In the circumstances, it feels wrong to single out the one male lead, but comedian Marc Maron is a bit of scene-stealer as Sam, the washed-up movie director with a potty mouth and Magnum ’tache full of coke. Blame the female writers, Liz Flahive and Carly Mensch, for creating such a brilliant car crash of a character.
GLOW starts out feeling like it wants to be cynical and hard-edged, but over its 10 episodes gradually morphs into a more sentimental Hollywood fantasy, leading to a finale that’s basically Rocky in leotards. By that point, though, you’ll be cheering too loud to care.
Melvyn Bragg on TV
Forget those talking head clip shows where Z-list comedians reminisce about Del Boy falling through that bar: this scholarly discussion of the history of television featured contributions from the likes of Ken Loach and Sir David Attenborough, the latter claiming the medium had ‘burst frontiers – socially, scientifically and geographically’. Lord Bragg himself, meanwhile, argued the so-called ‘idiot box’ has actually made us more open, more informed and more democratic. Plus it still featured Del Boy falling through that bar, so a win-win.
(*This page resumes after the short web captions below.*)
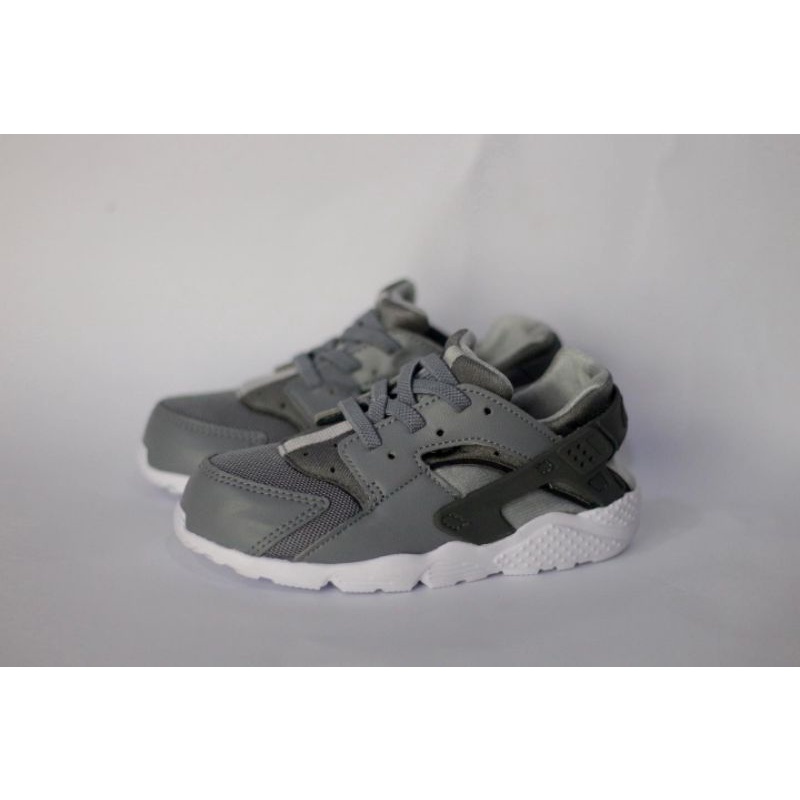NIKE HUARACHE KIDS SLIPON METALIC GREY RED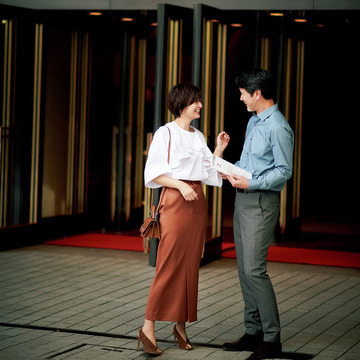 フリルブラウスで、大人のかわいげと華やぎを一枚でかなえて！　五選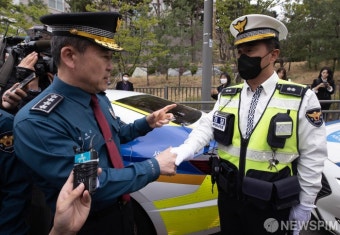 경찰관 격려하는 윤희근 경찰청장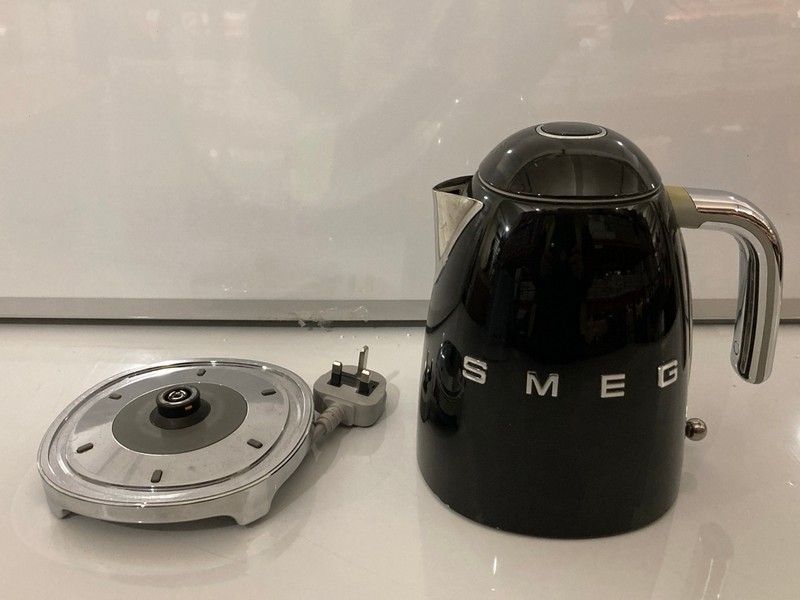 Lot 2  
            Nottingham SR7 – Delivery Only 

                
SMEG BLACK JUG KETTLE ORIGINAL RRP £149.99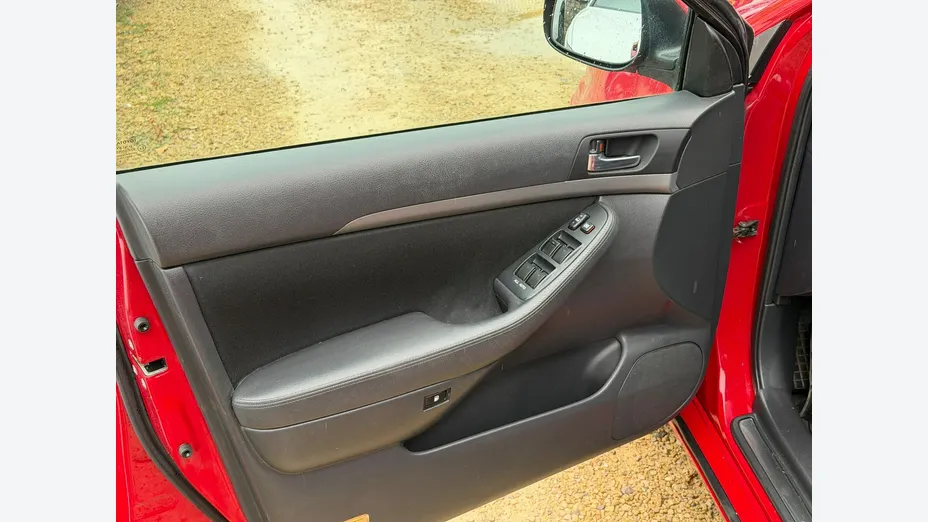 TOYOTA Avensis -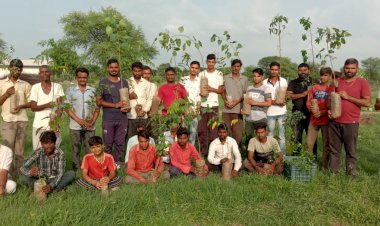 पिता पर्यावरण प्रेमी थे तो बेटे ने 21वीं पुण्यतिथि पर 200 पौधे किए वितरण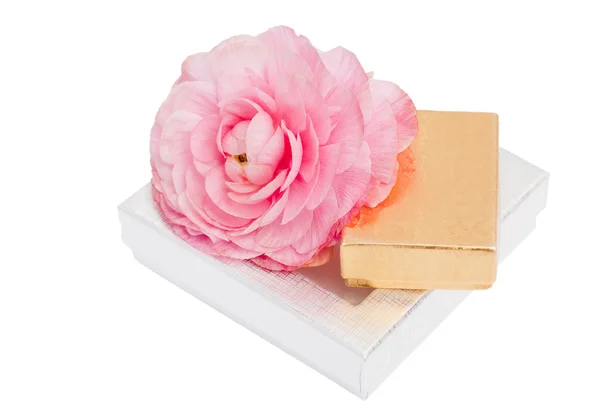 Coffret cadeau brillant avec fleur — Photo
This run of Doctor Who has proved a fine victory lap for Peter Capaldi and writer Steven Moffat, while newcomer Pearl Mackie was a revelation as companion Bill. But Moffat still had one surprise up his sleeve as, in the dying seconds of Saturday’s series finale, Capaldi’s mortally wounded Time Lord was confronted by none other than his original self (David Bradley, doing the honours for the late William Hartnell). So now us Who fans know what we’re getting for Christmas. Only 172 sleeps to go.